III.KORUMA TEDBİRLERİ NEDENİYLE TAZMİNAT İSTEMLERİNE İLİŞKİN DÜZENLEMELER
Kanun’un 12, 13 ve 14. maddeleri ile Ceza Muhakemesi Kanunu’nun (“CMK”) konutunu terk etmemek veya bağımlılıktan arınmak amacıyla hastanede tedavi olmaya ilişkin adli kontrol yükümlülükleri uygulandıktan sonra haklarında kovuşturmaya yer olmadığına veya beraatlerine karar verilen ve adli kontrol işlemine karşı CMK’da öngörülen başvuru imkânlarından yararlandırılmayan, kişiler bakımından da tazminat talep etme imkânı getirilmiştir.
Kanun’un 12. Maddesi ile CMK’nın 141. Maddesinin birinci fıkrasının (k) bendinde yapılan düzenlemeyle, yakalama ve tutuklama işlemlerinin yanında “adli kontrol” işlemlerine karşı da kanunda öngörülen başvuru imkânlarından yararlandırılmayan kişilerin tazminat isteminde bulunabilecekleri kabul edilmektedir. Böylelikle, adli kontrol işlemlerinin de başvuru imkânlarından yararlandırılma bakımından yakalama ve tutuklama işlemleriyle aynı güvenceye kavuşturulması öngörülmüştür.
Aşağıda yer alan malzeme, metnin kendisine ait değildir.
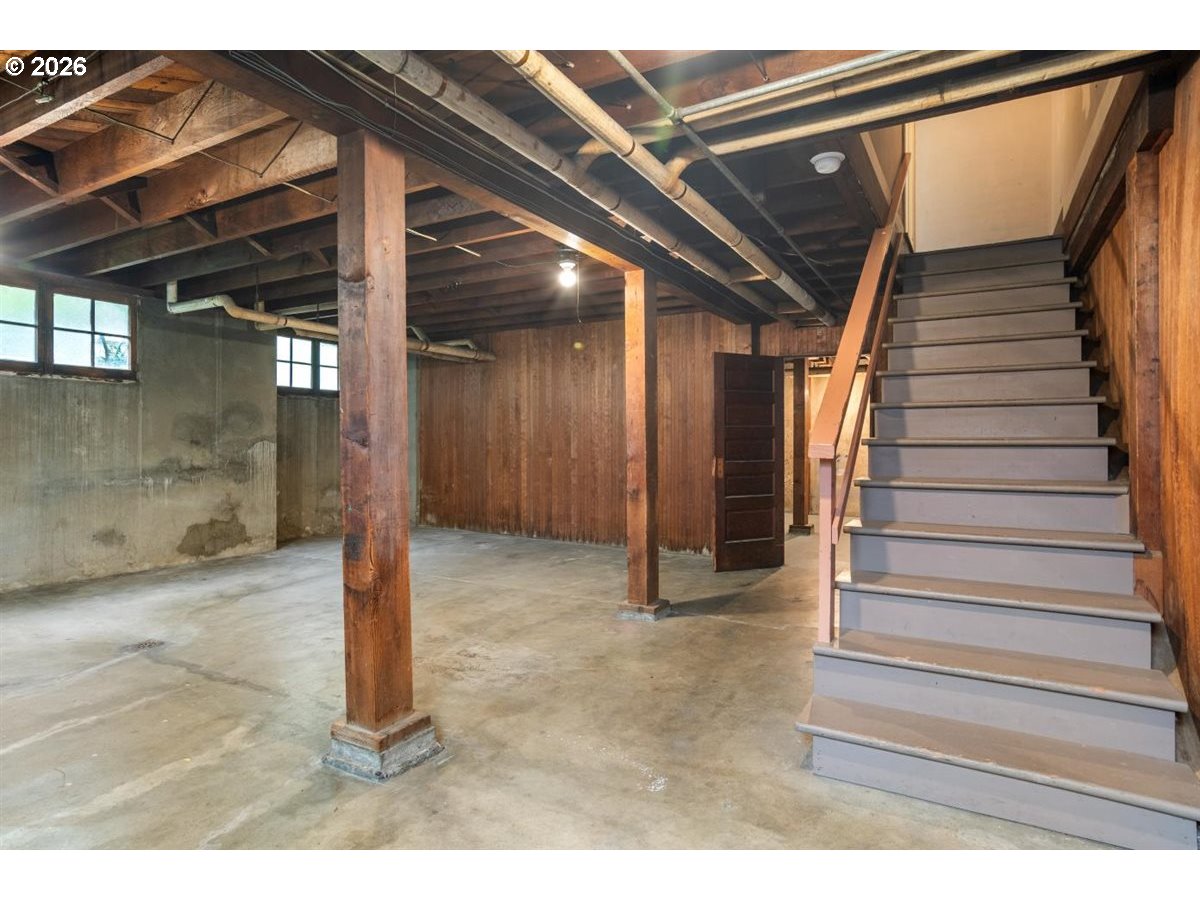 1815 Ne Wasco St Property Photo 29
Kanun’un 13. Maddesi ile yine konu ile ilgili olarak CMK’nın 142. Maddesinde değişiklik yapılmış ve değişiklikle koruma tedbirleri nedeniyle yapılacak bu tazminat istemlerinin 6384 sayılı Kanunla kurulan Tazminat Komisyonuna yapılması öngörülmekte ve bu istemlerin idari başvuru yoluyla hızlı bir biçimde sonuçlandırılması amaçlanmaktadır. Böylelikle, tespiti herhangi bir yargılama yapılmasını gerektirmeyen tazminat istemleri hakkında kısa sürede karar verilmesi sağlanmış olacaktır. Bununla birlikte yapılan değişikliğe göre 6384 sayılı Kanun kapsamında olmasına rağmen ağır ceza mahkemesine yapılan istemler, Komisyona gönderilecektir. Bu hallerde ağır ceza mahkemesine yapılan istem tarihi esas alınacaktır.
Ayrıca maddenin sekizinci fıkrasında yapılan düzenlemeyle, ağır ceza mahkemesinin kararına karşı yapılan istinaf başvurusu üzerine karar bölge adliye mahkemesince yerinde görülmezse, bölge adliye mahkemesinin işin esası hakkında karar vereceği ve verilen bu kararın kesin olacağı hükme bağlanmıştır.
Son olarak, Kanun’un 14. maddesi ile CMK’nın “Tazminat isteyemeyecek kişiler” başlıklı 144. Maddesinde “adli kontrol altına alınan” ifadesi eklenmiş ve 141. maddede adli kontrol yükümlülüklerine ilişkin yapılması öngörülen düzenlemeye uyum sağlanmıştır.